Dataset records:
▼

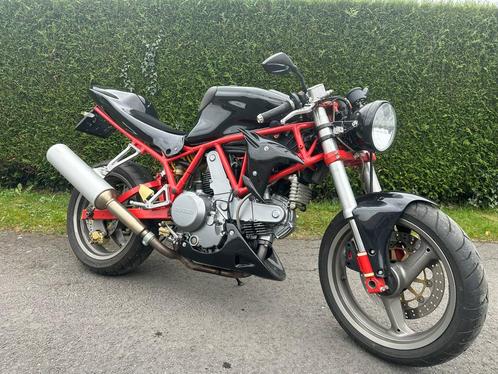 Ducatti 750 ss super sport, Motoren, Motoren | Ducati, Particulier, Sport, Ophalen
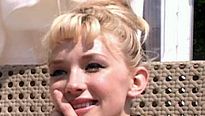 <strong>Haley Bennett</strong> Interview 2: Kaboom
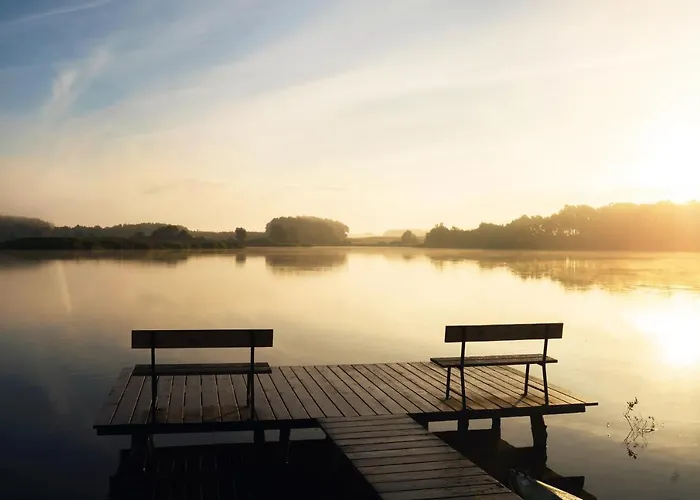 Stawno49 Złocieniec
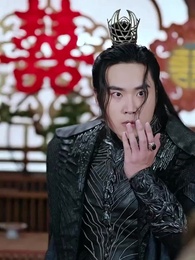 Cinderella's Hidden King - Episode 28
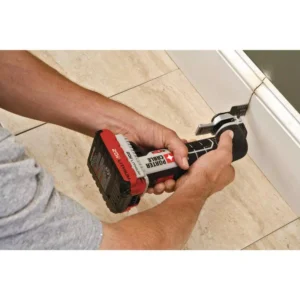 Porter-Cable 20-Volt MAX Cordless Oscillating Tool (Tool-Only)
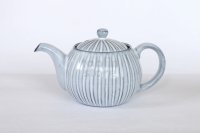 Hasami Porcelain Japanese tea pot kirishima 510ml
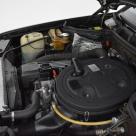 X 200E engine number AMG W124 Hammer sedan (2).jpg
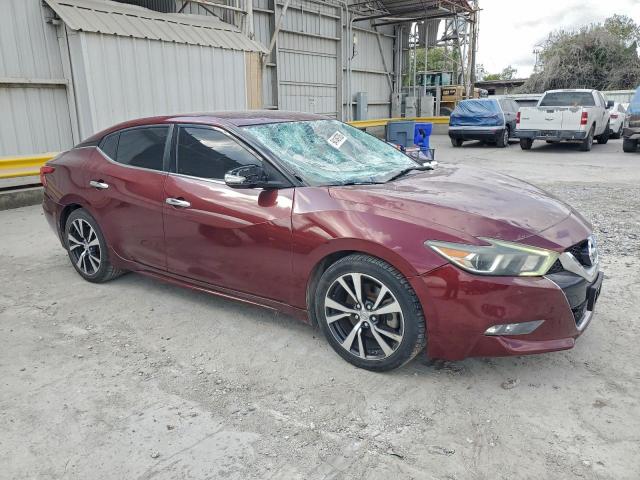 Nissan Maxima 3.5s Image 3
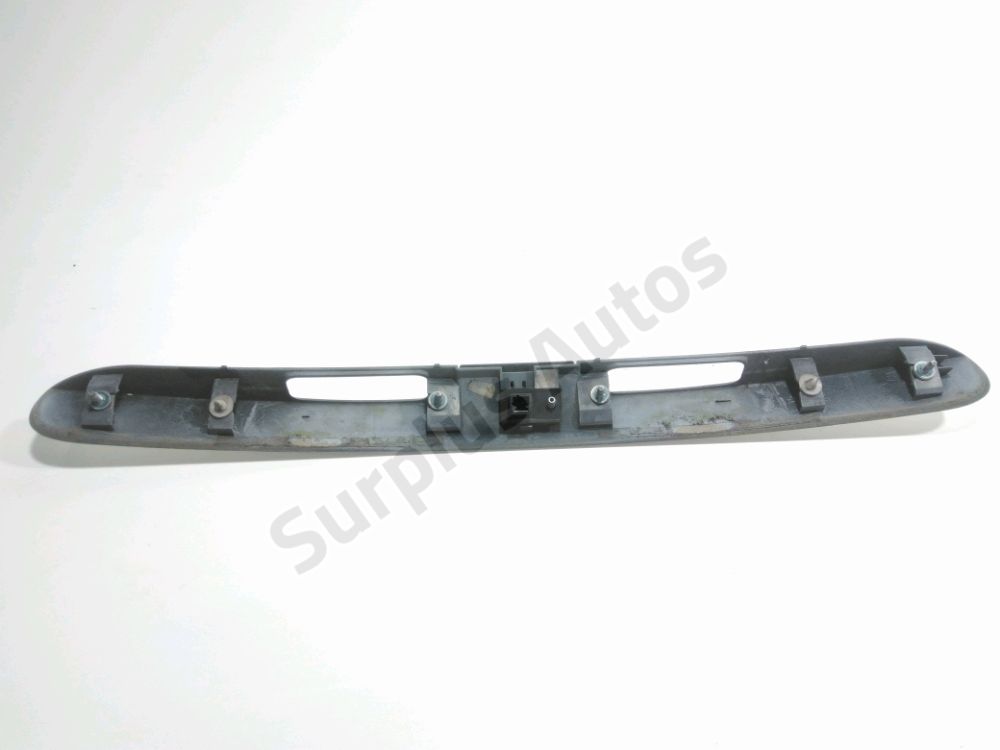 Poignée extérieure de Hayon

▲

EXERCISE DIRECTIONS: Where the line with "X 200E engine" appears, begin there and transcribe exactly through the last line of the data, leaving all pictures aside.

WRITTEN ANSWER:
 X 200E engine number AMG W124 Hammer sedan (2).jpg
 Nissan Maxima 3.5s Image 3
 Poignée extérieure de Hayon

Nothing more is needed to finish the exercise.